After a series of media interviews a couple of weeks ago, in a trip to Guatemala, I realized in a moment that I was witnessing a change in the public perception of remittances that I had not grasped before. Answering one by one journalist questions, it was unquestionable that I was witnessing a shift that I had not noticed before. After thinking about it, I could say that the shift is global although that doesn’t mean that a shift is happening in the same way or at the same time in every region or country in the world. Having been a part of the remittance industry for three decades I suddenly saw it very clearly. But I don’t want to get ahead of myself so let’s back up a little.
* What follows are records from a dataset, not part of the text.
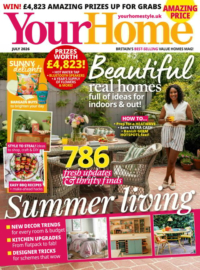 Your-Home July 01, 2026 Issue Cover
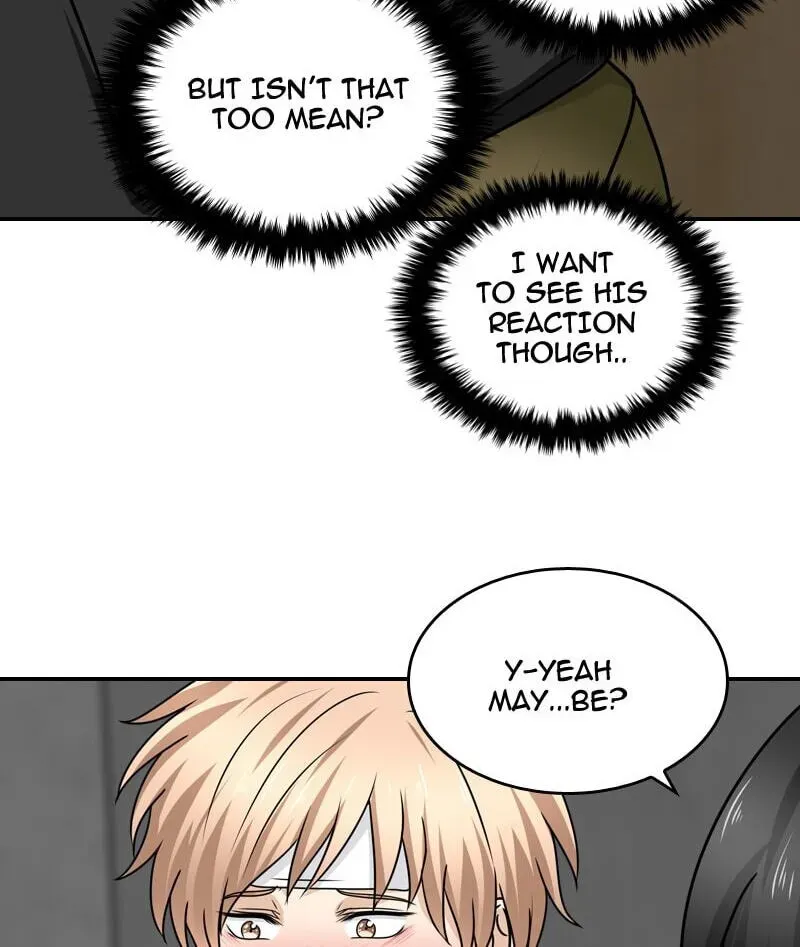 I Got MySelf A Boyfriend?! Chapter 3.07 page 6 - 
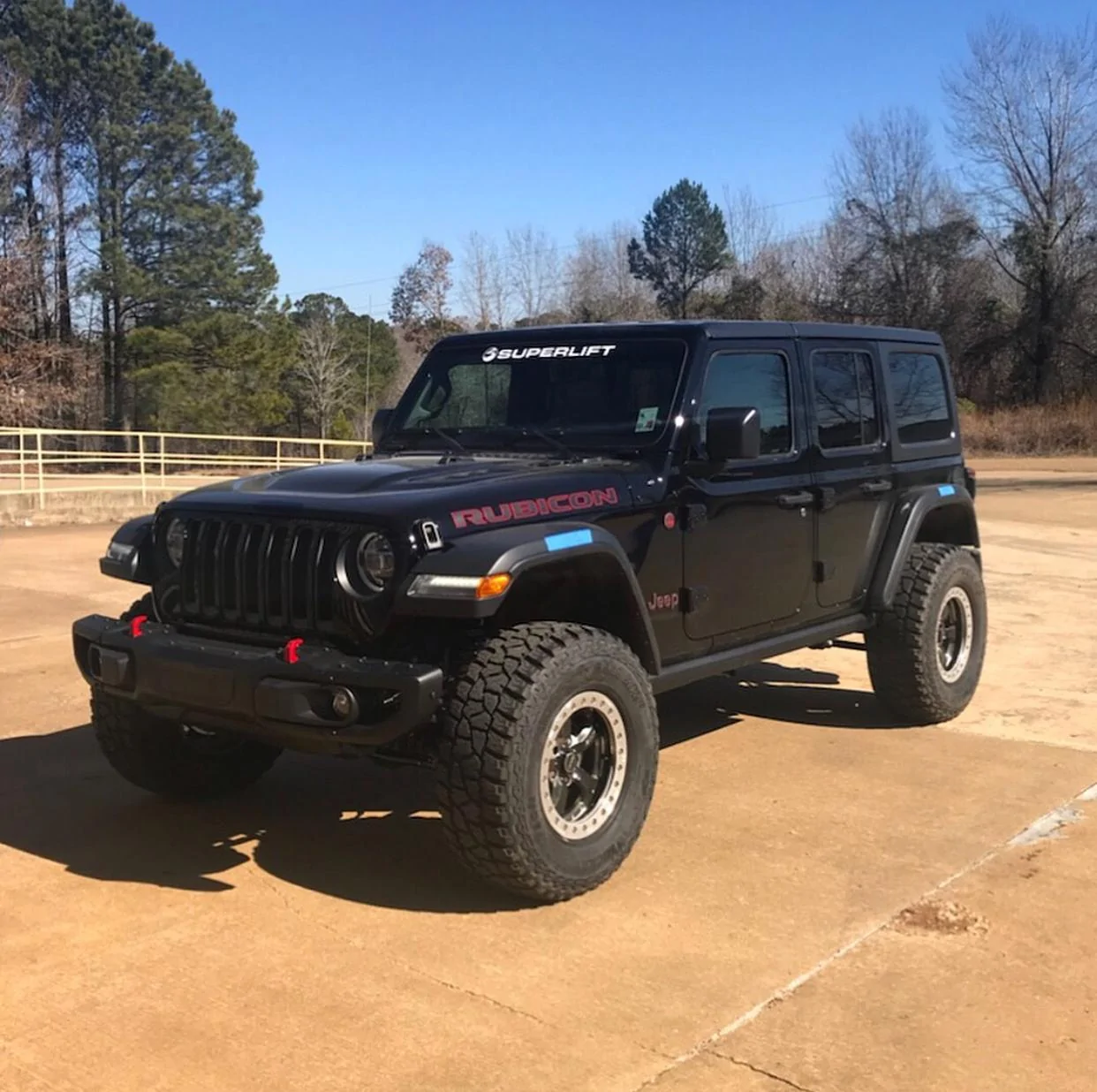 Jeep Wrangler JL 35" and 37" JL pics with lift kit 5A3D3749-E6E9-4DFF-BB3E-2E7F5C058680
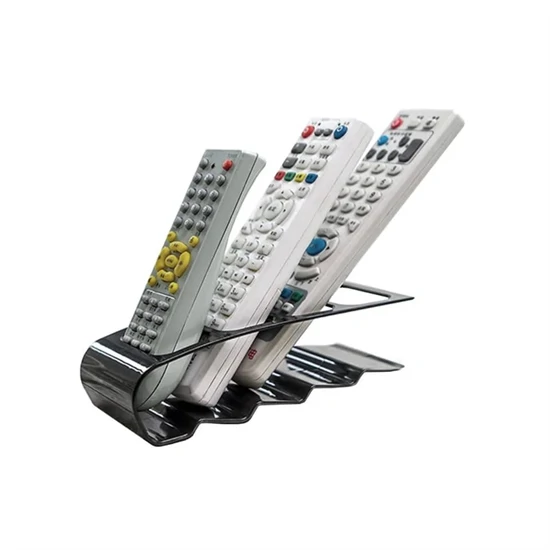 Csúszkálásmentes távirányító tartó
Let’s start with a little bit of history Download a PDF version
Everyone in the remittance sector knows that sending money home has always existed. For thousands of years, individuals leaving their homes to seek for riches, have found ways to send money home to their families, by couriers or by networks of merchants & traders which gave rise to hawala brokers, called by different names in different regions of the world. The casas de cambio in Latin America and foreign exchange firms in many places were de facto hawala brokers.
My grandfather Elciario Cuevas was one of them. He stumbled into the business selling magazines and newspapers and needing US Dollars to give to airline pilots to buy and bring magazines from the US and other parts of the world. That was Cali, Colombia in the 1930-40s. He became the supplier of US funds in the town and developed a large network of connections as hawala brokers had done for centuries. Let’s skip to the end of the 1980s when the business, after his death, and in the hands of my father and aunt, needed my help with the use of technology – the first desktop computers. They required to improve the handling of the growing number of small transactions coming from the US that they were receiving to pay out and little books with hand-drawn columns were not efficient anymore.
Many foreign exchange brokers in Latin America decided to handle these small payments besides the larger transactions that they used to tend to. Telex was the way to transmit data but soon the fax became the greatest invention and the remittance business took off in a way that caught everybody by surprise. Networks of travel agents and small “bodegas”, catering to the growing Latin American communities in New York, Madrid, London, Los Angeles, Houston, Boston, started collecting orders to send by fax to the, also growing, number of outlets in the home countries were payments were being done. The replacement of the couriers (travelling traders and airline personnel) was fast as the new system was more efficient and safer. The brokers had their settlement mechanisms in place and that worked for a while, but they were soon strained as volumes kept on growing by leaps and bounds.
The non-view: ignorance
Even ourselves, involved in the early years of the remittance industry, didn’t have any idea of the volumes of money that were being sent by migrant workers. The funds channeled through brokers, couriers, postal money orders and airline personnel quietly arrived to the hands of the families and only the neighbors began noticing money spent on fixing the house, buying food, small improvements in the standard of living of remittance dependent households.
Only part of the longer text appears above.